Haley called out the Council for admitting countries that are some of the worst human rights violators including Venezuela, Cuba, and Saudi Arabia. She also called out the Council for a “relentless, pathological campaign” against Israel.
The Human Rights Campaign (HRC), expressed concern over Haley’s speech saying that if the U.S. did pull out it signal to oppresive regimes that the U.S. was looking the other way.
“Consider the message the United States would send to the world if it were to disengage from the UN Human Rights Council,” said Ty Cobb, Director of HRC Global. “U.S. foreign policy must protect and promote human rights. Turning away from the Council would signal to brutal regimes — and all those they oppress — that the U.S. is looking the other way. Without U.S. leadership, despotic leaders will be emboldened to control the agenda and push their own dangerous goals.”

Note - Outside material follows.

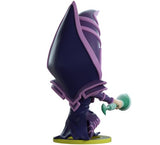 Youtooz 5-inch vinyl figurine of Yu-Gi-Oh!'s Dark Magician, kneeling with staff, showcasing intricate details in vibrant colors.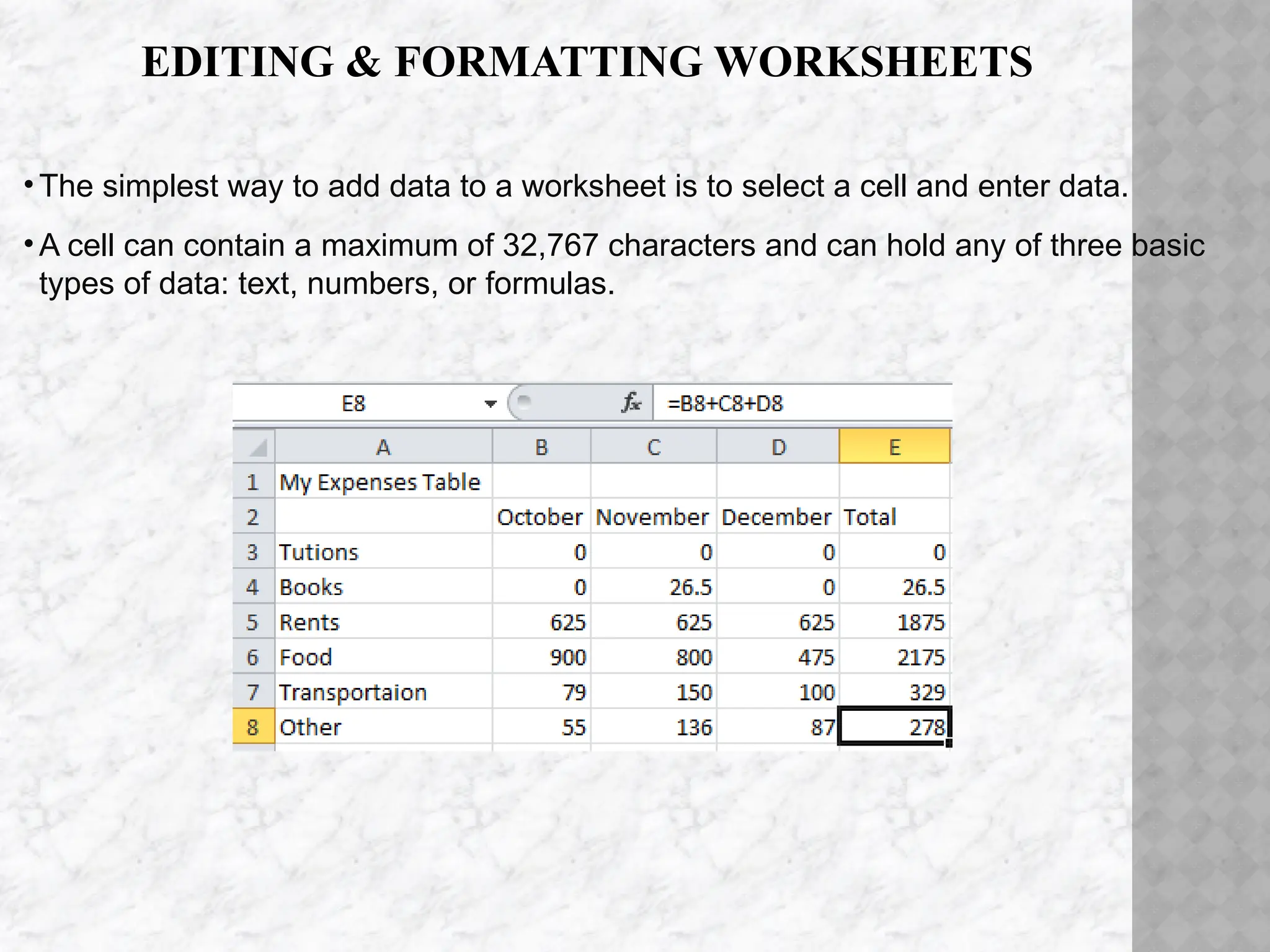EDITING & FORMATTING WORKSHEETS
• The simplest way to add data to a worksheet is to select a cell and enter data.
• A cell can contain a maximum of 32,767 characters and can hold any of three basic
types of data: text, numbers, or formulas.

In 2016, the U.S. and other nations passed a resolution at the UNHRC appointing an Independent Expert on sexual orientation and gender identity. Prof. Vitit Muntarbhorn of Thailand is the first person to hold that position and is assessing LGBTQ human rights in various countries, meeting with LGBTQ advocates around the globe, and engaging with governments and civil society to help combat violence and discrimination targeting LGBTQ people.